Task instructions →
Where the listing below reaches the line containing "Pheashine Modern Geometric", start writing out lines exactly, and stop once the line containing "Rautan Model Plastik" has been written.

Stored data →
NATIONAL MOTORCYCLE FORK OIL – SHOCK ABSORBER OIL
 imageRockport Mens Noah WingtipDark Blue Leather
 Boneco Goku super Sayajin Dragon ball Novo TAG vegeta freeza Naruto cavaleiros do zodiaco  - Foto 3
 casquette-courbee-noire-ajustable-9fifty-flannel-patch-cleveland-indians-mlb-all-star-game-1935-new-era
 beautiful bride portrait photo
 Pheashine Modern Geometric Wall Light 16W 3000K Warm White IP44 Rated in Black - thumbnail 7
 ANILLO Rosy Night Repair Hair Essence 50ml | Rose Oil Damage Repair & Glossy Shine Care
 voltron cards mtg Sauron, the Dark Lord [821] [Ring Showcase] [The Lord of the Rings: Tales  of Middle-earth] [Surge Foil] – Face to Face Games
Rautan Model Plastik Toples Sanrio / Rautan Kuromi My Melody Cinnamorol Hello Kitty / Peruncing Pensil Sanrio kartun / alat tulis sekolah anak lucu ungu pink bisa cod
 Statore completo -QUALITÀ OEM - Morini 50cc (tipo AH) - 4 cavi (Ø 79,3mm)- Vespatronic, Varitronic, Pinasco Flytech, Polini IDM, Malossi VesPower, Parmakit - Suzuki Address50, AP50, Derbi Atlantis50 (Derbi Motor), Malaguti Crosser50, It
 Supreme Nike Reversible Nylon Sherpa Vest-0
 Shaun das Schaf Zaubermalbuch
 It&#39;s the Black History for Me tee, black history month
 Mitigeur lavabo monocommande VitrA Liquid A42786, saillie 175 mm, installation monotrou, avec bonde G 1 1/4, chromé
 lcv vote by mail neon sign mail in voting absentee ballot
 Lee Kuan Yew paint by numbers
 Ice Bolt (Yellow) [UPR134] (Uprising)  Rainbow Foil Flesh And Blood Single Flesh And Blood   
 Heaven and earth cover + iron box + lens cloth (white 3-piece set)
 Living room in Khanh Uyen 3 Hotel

Written response →
 Pheashine Modern Geometric Wall Light 16W 3000K Warm White IP44 Rated in Black - thumbnail 7
 ANILLO Rosy Night Repair Hair Essence 50ml | Rose Oil Damage Repair & Glossy Shine Care
 voltron cards mtg Sauron, the Dark Lord [821] [Ring Showcase] [The Lord of the Rings: Tales  of Middle-earth] [Surge Foil] – Face to Face Games
Rautan Model Plastik Toples Sanrio / Rautan Kuromi My Melody Cinnamorol Hello Kitty / Peruncing Pensil Sanrio kartun / alat tulis sekolah anak lucu ungu pink bisa cod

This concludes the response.